EPA recently proposed to grant more flexibility to states and tribes for enforcement of criminal negligence-based violations of their own NPDES and Section 404 programs. In short, EPA is proposing amendments to its NPDES and Section 404 program authorization regulations at 40 C.F.R. §§ 123.27 and 233.41 to clarify that states and tribes may pick their own level of negligence for what constitutes a criminally negligent violation of their corresponding program laws and regulations. More particularly, the amendment, if finalized, would provide that, “[t]he burden of proof and degree of knowledge or intent required under State law for establishing [criminal] violations . . . shall be no greater than the burden of proof or degree of knowledge or intent EPA must provide when it brings an action under the [CWA], except that a State may establish criminal violations based on any form or type of negligence.” (Emphasis added.)
Criminal enforcement is not the normal route for agencies to take; most violations are settled through administrative or civil judicial proceedings. Still, ordinary negligence – the legal liability standard used for most retail customer slip-and-fall personal injury cases – does not present a very high burden of proof for a criminal violation of an environmental law. As a legal principal, negligence does not require the offending party to know or intend that its action or inaction will be a violation of law or will even cause the resulting harm. Indeed, many people may still be unaware that mere negligence can even serve as a basis for criminal liability for a violation of a Clean Water Act-based regulation or permit. Even so, for decades now, CWA § 309(c)(1) has explicitly provided that negligence is a basis for criminal liability when EPA is the enforcing agency, and approved state and tribal CWA program laws have followed suit.
What different forms of negligence might be used by states and tribes? Generally, negligence entails one party failing to exercise the level of care towards another party that a reasonable or prudent person would exercise under the same circumstances. To prove someone acted negligently, one must generally show that a duty of care existed, that this duty was breached, that the breach was the legally recognizable cause of an injury, and that the injury resulted in legally recognizable damages. Negligence can involve various injuries to people or property. There are different degrees of negligent behavior that can lead to different levels of liability: (i) ordinary negligence, as described above; (ii) gross negligence, which goes beyond a mere accident or mistake and involves lack of any regard or great indifference; and (iii) willful, wanton and reckless negligence. There is also negligence per se, when negligence is inferred based on a violation of some statute, regulation or rule that sets a duty of care. In the environmental regulatory context, violation of a statutory or regulatory duty, standard or prohibition can be readily inferred as a negligent act.
EPA reasons in support of its proposed approach that the CWA provisions for authorizing state and tribal administration of NPDES and Section 404 programs do not require these state and tribal enforcement powers to mirror exactly EPA’s provisions under CWA § 309 to effectuate reasonably sufficient and enforceable programs.
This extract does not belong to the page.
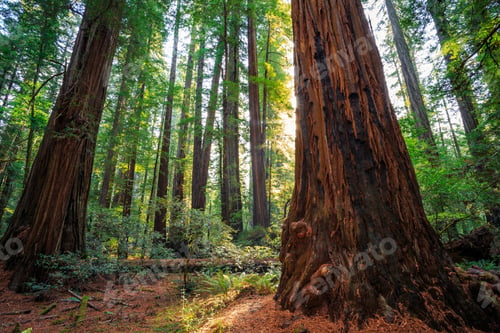 Preview: Sunrise In The The Redwoods At Redwoods National And State Parks California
EPA also expresses concern that some state constitutions may limit criminal sanctions for ordinary negligence, the level of negligence set by CWA § 309 for EPA enforcement based on criminal negligence. Therefore, EPA considers it appropriate to let states and tribes sort out which level of negligence fits best within their respective program enforcement regimes.
Despite the relatively low bar of proof for negligent violations, CWA § 309’s sanctions for criminal negligence have serious teeth: a fine of at least $2,500 and up to $25,000 per day of violation, or imprisonment for up to one year, or both, with a second offense triggering twice these limits. As noted, state NPDES programs and Section 404 programs already include criminal negligence liability, and they also carry substantial sanctions. See, e.g., Virginia State Water Control Law, Va. Code § 62.1-44.32(b) (negligent violation of this statute or related regulation, order or permit generally constitutes a “misdemeanor punishable by confinement in jail for not more than 12 months and a fine of not less than $2,500 nor more than $32,500, either or both”).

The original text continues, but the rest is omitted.